- YOUR ASSIGNMENT -
Once the line containing "[YITUYU艺图语]2023.05.03 山林 薇薇[26+1P/490MB] - 4" is found in the data below, repeat it and every later line exactly, leaving the pictures out.

=====

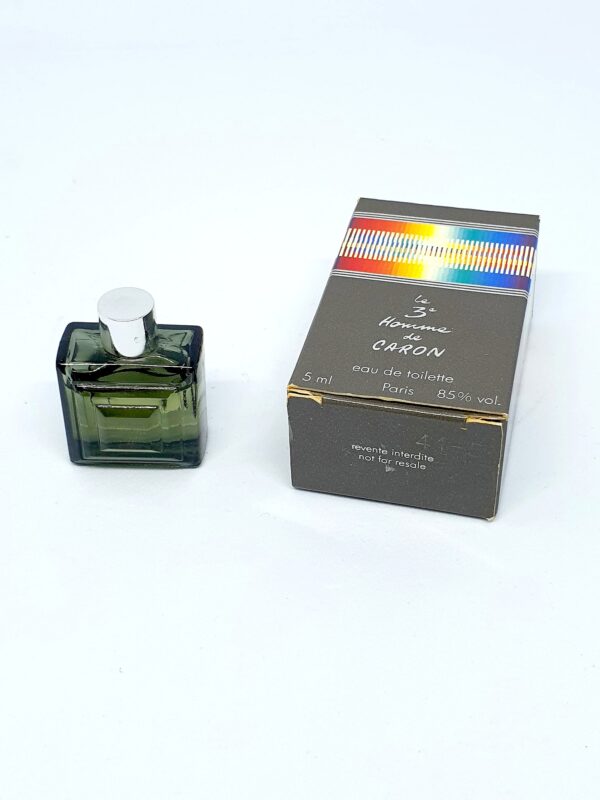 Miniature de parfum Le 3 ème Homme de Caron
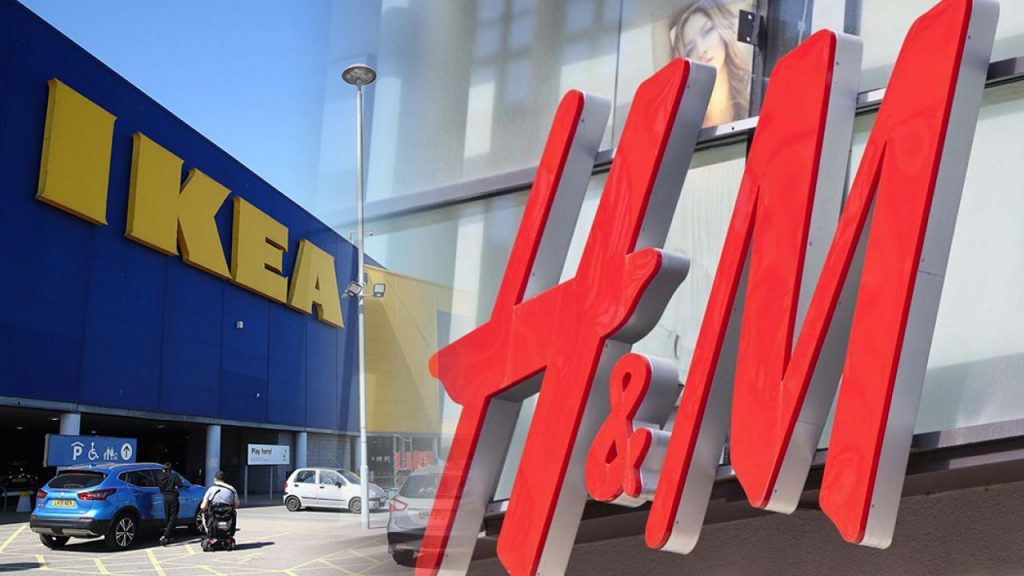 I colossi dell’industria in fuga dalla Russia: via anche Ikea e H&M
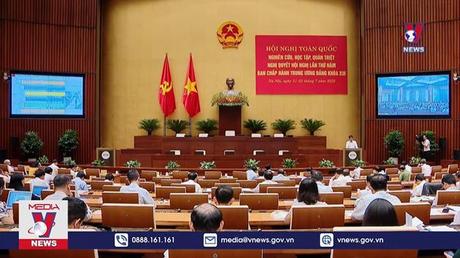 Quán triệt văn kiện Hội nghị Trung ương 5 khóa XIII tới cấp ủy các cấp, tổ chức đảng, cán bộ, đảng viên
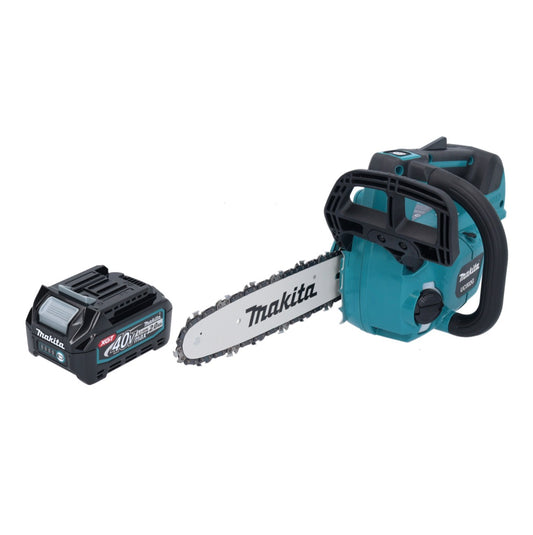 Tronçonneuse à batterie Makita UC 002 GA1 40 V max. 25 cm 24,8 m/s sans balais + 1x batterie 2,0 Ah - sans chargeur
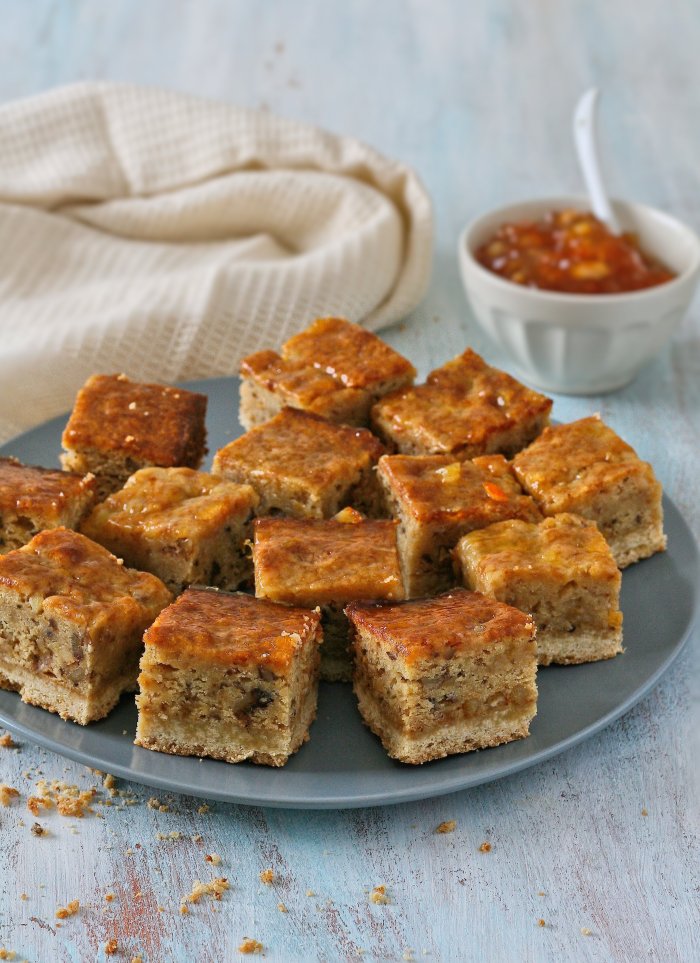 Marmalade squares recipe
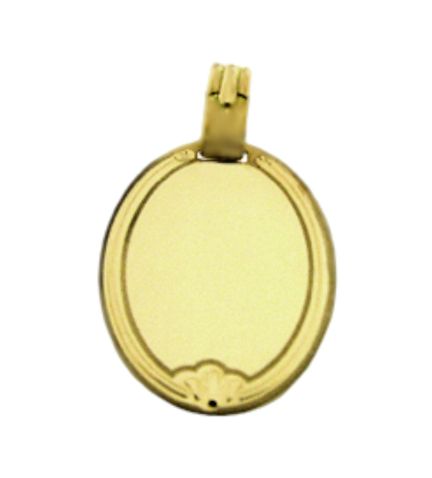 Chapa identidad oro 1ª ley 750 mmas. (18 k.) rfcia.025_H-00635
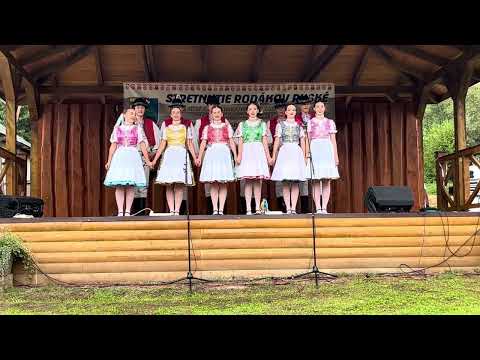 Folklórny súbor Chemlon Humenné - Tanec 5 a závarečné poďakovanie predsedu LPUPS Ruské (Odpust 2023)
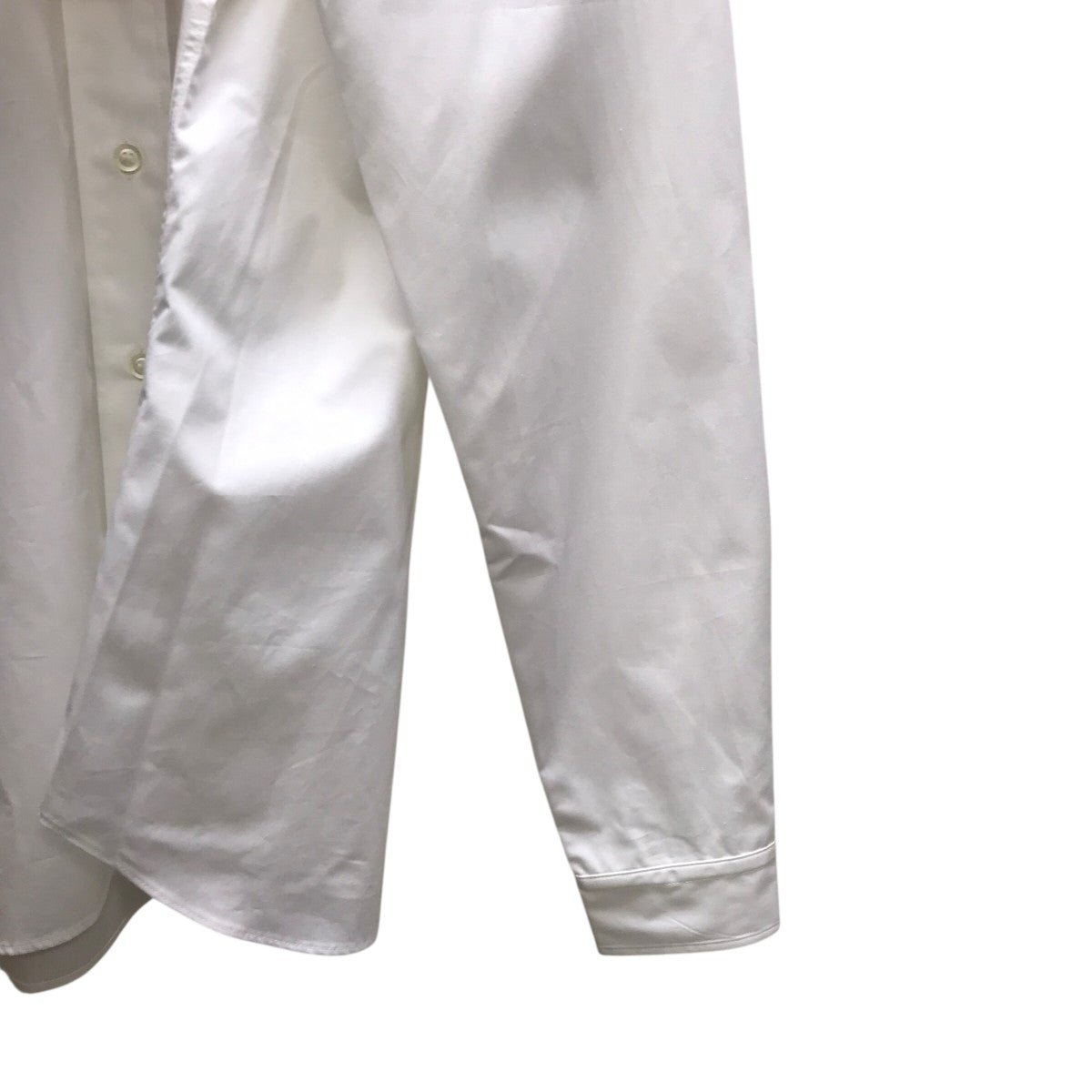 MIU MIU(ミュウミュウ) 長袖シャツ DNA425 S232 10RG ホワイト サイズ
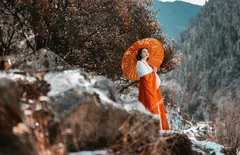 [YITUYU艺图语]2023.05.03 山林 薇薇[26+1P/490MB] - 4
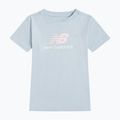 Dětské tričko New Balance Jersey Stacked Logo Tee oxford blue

=====

- TASK RESULT -
 [YITUYU艺图语]2023.05.03 山林 薇薇[26+1P/490MB] - 4
 Dětské tričko New Balance Jersey Stacked Logo Tee oxford blue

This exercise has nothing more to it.